[rescue] Sun drivers/info for Pixar graphics system?

Francisco Javier Mesa-Martinez rescue at sunhelp.org
Sun Nov 11 18:30:20 CST 2001


On Sun, 11 Nov 2001, Paul Sladen wrote:

> On Fri, 9 Nov 2001, Corda Albert J DLVA wrote:
> >
> > I was rooting around at a couple of used computer
> > stores yesterday and ran across something interesting...
> > A large (rack mountable) granite-colored box with
> > the logo PIXAR on the front. (it looks _very_ neat!
> 
> >From memory (you should Google to right the story right), but over the year
> Pixar has been trough about 3 different business cases.  Only the last one
> of which is CGI.  IIRC one of the previous was Video Capture hardware...
> that's probably what this is.

If it is big, square, grey and has a dimple in the middle of the front
face. Then it is the Pixar Graphics Computer. Which is a mid-80s top of
the line image generator. It is basically a SIMD dedicated machine for
rendering complex scenes (not interactively mind you), and then dump them
into film/screen. It requires NeWS to work, so I assume it can not be used
under "moder" sparc machines.

>From some old Byte article [G. Speckert '99]
"The Pixar Image Computer (PIC) was built around a channel processor, or
Chap, which could perform the same instruction on four data channels, such
as red, green, blue, and alpha. Imaging applications do this often. Each
channel was 12 bits deep, allowing for photographic quality from the fully
anti-aliased Pixar software suite. A Chap could also perform tile-based
algorithms four-way parallel in "accordion mode" on a 12-bit monochrome
channel. The video frame store processor (FSP) included four channels
of 2-megapixel memory, a 10-bit-in/10-bit-out lookup table (LUT) and
10-bit digital to analog converters (DACs) for high-quality monitors.
.....
.....
The Chap was programmed by a 96-bit instruction word, compared with the
Velocity Engine's 128 bit instructions. The Chap hardware was a four-way
parallel network of multipliers, scratchpads, arithmetic units, and pixel
I/O buffers. The software controlled the routing of information through
the hardware components. The key to performance was to establish a
pipeline, whose depth was a function of the creativity of the software
developer, limited by the sum of the hardware. Clever software could
perform an operation on multiple RGBA pixels at different stages of their
transformation each hardware clock cycle. "

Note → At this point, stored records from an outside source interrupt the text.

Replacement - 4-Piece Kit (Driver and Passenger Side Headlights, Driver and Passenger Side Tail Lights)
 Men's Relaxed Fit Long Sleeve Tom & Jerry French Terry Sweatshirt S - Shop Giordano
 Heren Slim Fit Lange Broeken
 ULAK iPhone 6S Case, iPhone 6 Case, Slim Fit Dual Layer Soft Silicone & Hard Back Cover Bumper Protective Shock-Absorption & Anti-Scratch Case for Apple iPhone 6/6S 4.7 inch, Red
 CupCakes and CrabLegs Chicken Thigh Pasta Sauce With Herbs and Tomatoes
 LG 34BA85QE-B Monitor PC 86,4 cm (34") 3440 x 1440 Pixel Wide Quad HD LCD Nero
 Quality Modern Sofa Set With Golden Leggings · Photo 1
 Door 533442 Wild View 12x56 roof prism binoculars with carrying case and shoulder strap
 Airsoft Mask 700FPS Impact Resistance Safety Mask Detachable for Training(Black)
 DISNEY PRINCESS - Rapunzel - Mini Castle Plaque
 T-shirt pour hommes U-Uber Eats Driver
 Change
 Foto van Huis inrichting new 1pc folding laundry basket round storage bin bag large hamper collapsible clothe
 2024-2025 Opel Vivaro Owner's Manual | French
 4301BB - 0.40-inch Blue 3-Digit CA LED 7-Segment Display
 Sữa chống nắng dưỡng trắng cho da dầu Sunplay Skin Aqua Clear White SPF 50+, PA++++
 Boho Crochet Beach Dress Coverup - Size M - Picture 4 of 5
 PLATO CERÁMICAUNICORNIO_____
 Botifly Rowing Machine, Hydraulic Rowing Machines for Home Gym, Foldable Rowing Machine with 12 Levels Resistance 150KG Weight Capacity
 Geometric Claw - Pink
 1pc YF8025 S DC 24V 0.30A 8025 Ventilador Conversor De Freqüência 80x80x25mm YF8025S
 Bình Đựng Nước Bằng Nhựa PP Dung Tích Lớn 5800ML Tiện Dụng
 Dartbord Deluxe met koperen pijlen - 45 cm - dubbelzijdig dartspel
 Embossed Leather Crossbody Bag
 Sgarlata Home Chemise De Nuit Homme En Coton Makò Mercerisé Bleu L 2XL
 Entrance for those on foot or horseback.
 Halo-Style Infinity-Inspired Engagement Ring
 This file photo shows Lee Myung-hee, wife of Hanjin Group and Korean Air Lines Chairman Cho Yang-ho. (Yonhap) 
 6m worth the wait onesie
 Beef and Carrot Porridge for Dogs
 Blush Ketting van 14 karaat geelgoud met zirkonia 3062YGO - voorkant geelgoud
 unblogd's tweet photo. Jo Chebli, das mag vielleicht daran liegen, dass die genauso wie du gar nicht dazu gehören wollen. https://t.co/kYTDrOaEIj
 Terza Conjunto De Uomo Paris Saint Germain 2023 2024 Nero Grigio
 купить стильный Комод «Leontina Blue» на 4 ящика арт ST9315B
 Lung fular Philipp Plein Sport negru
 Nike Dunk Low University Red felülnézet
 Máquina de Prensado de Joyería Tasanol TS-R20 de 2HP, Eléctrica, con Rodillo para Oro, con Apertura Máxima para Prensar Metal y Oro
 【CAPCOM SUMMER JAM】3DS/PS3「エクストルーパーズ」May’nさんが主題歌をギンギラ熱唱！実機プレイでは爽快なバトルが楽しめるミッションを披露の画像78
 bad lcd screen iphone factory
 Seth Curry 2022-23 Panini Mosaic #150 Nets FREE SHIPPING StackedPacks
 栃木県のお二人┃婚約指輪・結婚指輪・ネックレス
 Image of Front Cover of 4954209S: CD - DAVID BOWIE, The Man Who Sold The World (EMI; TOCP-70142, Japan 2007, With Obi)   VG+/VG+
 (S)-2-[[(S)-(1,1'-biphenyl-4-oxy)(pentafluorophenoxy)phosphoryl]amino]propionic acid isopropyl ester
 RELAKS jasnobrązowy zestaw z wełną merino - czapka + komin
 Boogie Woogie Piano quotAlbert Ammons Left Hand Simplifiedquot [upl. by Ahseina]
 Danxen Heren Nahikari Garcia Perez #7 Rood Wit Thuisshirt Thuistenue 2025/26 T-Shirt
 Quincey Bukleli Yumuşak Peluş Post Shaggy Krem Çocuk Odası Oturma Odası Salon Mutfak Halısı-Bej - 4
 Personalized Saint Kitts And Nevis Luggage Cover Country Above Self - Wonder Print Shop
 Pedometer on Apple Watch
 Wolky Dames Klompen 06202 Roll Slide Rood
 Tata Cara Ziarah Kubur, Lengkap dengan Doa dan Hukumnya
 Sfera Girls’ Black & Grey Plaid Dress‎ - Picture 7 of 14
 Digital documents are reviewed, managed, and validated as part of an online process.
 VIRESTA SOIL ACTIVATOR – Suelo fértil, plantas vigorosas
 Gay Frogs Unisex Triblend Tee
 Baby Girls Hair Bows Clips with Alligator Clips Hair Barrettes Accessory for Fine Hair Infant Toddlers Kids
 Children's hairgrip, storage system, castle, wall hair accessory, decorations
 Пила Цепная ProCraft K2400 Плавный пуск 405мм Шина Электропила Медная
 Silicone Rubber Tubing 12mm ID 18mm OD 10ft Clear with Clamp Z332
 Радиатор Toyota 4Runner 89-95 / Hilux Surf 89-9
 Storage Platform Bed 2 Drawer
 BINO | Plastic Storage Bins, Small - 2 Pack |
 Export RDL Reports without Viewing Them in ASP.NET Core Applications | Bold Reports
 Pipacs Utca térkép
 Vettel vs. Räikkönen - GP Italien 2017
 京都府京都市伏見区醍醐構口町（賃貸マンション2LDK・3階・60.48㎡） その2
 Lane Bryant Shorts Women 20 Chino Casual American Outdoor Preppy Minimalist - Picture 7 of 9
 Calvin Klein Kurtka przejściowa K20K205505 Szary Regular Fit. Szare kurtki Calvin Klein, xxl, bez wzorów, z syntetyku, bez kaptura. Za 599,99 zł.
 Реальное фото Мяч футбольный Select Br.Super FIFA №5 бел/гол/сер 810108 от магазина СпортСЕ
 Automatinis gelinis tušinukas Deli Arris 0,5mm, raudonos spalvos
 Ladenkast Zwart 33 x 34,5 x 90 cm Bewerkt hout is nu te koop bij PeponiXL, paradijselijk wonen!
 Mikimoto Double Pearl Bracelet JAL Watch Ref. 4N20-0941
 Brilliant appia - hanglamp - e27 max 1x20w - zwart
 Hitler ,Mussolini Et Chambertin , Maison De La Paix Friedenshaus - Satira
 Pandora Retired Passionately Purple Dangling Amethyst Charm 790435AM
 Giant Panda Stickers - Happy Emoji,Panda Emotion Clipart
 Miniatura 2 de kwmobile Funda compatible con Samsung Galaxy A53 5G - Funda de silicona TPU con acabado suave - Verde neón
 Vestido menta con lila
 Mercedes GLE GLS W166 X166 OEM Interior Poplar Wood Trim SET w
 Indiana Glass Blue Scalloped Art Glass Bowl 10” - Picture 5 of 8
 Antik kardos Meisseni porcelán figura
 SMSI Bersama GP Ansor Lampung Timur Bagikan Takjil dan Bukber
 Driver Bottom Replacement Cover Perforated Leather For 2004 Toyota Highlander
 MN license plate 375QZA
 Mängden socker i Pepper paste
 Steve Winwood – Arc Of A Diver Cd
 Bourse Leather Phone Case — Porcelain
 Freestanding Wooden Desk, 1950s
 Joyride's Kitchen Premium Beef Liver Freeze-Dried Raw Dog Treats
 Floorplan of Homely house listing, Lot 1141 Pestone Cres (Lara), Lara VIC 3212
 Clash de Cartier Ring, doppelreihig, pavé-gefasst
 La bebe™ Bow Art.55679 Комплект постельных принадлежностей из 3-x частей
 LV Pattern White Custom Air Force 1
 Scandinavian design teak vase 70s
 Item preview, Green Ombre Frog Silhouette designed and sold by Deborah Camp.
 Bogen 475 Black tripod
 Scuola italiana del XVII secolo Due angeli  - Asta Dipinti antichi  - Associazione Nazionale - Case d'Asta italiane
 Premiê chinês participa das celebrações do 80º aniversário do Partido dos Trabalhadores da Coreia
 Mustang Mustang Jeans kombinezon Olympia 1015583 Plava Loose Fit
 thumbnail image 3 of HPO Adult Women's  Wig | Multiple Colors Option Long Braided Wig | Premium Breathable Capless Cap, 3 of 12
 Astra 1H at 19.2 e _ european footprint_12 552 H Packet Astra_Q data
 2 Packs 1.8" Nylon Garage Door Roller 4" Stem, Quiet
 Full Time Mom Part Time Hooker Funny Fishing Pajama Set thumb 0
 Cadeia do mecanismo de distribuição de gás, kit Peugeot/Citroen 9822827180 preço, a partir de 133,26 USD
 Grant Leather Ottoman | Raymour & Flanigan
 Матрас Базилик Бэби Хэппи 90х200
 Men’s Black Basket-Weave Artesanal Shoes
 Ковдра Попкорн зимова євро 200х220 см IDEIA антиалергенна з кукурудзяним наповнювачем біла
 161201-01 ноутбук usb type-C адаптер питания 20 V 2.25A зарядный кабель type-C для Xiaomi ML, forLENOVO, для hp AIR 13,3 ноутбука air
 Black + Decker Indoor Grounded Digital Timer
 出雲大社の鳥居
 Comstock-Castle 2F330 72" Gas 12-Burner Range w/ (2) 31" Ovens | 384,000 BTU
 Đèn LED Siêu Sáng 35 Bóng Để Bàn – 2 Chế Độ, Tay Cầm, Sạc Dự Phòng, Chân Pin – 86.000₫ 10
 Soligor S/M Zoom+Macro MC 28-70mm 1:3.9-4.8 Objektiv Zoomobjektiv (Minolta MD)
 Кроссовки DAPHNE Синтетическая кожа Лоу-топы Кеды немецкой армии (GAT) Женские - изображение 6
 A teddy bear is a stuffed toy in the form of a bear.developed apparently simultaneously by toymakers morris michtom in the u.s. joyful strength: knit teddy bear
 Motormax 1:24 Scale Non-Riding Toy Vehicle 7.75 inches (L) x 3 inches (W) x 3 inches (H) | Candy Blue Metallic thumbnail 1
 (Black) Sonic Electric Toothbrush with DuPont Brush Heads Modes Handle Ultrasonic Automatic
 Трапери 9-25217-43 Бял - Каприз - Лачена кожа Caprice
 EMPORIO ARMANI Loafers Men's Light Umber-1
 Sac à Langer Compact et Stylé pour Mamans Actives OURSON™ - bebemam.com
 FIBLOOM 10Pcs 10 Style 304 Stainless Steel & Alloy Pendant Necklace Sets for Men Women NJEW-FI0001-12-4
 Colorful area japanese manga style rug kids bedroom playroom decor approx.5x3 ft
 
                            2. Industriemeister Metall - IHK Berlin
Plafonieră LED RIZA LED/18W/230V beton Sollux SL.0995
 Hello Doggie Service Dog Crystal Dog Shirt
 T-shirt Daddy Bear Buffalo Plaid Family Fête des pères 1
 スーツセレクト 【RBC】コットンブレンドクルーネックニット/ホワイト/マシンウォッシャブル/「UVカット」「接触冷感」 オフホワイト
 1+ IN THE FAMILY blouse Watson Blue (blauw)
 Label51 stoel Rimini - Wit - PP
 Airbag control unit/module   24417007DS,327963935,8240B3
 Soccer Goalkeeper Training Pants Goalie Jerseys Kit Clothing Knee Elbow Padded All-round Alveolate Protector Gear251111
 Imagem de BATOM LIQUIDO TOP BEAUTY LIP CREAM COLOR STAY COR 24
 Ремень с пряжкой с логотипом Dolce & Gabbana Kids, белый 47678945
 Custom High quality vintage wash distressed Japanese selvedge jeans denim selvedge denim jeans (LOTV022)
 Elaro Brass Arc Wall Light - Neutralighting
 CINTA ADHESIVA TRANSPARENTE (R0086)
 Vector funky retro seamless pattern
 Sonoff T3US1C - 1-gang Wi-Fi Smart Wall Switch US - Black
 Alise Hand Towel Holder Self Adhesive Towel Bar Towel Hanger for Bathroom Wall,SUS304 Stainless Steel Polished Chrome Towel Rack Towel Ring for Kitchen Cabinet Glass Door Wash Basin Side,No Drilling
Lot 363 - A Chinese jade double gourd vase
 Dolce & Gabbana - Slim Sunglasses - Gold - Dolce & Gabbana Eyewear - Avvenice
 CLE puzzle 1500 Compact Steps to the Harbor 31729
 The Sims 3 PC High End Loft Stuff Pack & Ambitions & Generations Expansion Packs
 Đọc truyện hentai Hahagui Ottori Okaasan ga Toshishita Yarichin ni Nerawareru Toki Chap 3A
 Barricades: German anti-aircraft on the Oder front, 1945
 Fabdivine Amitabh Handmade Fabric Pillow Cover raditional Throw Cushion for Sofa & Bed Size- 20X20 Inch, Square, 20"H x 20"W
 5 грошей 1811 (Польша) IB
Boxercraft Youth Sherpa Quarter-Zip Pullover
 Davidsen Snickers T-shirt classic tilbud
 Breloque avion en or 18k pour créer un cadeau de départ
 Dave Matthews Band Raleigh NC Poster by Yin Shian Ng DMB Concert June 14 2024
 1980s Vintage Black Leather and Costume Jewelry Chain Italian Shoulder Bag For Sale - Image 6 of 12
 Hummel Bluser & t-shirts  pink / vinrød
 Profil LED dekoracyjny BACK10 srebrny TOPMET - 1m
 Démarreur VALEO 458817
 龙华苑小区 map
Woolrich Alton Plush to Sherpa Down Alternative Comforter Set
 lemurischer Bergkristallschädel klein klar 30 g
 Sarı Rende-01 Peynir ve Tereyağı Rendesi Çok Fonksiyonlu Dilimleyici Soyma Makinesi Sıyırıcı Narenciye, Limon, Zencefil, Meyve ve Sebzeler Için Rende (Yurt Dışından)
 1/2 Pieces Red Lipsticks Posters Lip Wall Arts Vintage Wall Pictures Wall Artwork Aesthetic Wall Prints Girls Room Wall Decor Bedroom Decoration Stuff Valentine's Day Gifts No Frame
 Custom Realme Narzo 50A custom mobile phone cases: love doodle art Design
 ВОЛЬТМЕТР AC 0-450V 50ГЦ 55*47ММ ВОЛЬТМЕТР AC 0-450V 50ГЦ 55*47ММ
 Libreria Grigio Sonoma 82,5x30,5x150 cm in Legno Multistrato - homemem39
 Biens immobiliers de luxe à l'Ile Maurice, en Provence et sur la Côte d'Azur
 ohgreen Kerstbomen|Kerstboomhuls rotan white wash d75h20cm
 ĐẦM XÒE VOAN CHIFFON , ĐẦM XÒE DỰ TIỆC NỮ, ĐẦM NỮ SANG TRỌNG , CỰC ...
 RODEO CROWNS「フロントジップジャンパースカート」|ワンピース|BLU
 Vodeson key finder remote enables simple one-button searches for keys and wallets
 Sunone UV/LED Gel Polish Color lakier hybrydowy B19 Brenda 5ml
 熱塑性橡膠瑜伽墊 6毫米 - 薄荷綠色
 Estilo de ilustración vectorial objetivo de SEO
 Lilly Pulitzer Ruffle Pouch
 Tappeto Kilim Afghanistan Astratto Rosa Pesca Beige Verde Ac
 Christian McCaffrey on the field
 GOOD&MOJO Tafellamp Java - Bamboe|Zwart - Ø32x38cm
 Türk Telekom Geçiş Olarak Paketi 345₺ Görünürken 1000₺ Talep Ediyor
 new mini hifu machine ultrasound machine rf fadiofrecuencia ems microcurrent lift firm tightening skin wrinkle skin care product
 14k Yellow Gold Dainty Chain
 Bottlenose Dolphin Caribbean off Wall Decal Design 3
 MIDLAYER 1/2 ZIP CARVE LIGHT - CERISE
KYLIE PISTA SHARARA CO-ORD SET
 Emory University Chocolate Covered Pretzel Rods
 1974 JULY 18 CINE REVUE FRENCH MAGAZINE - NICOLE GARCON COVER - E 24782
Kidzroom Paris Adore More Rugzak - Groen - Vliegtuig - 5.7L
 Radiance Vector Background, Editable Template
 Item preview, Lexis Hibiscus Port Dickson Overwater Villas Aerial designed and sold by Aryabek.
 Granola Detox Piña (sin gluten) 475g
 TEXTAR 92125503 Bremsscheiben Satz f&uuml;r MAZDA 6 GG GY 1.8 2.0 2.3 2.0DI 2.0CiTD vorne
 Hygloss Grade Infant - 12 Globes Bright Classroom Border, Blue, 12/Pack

Pixar has *always* been CGI. They did HW in the early stages of the 
company, simply because there were not that many computer graphics
architectures. These machines were actually very widely used in imaging
applications, specially medial imaging. This was the original HW branch of 
implementation for their Renderman architecture.

Nice beast, were did the original poster get it? I would literally kill
for one of these :-).

Now if I can only get the E&S freedom box that I have under my desk!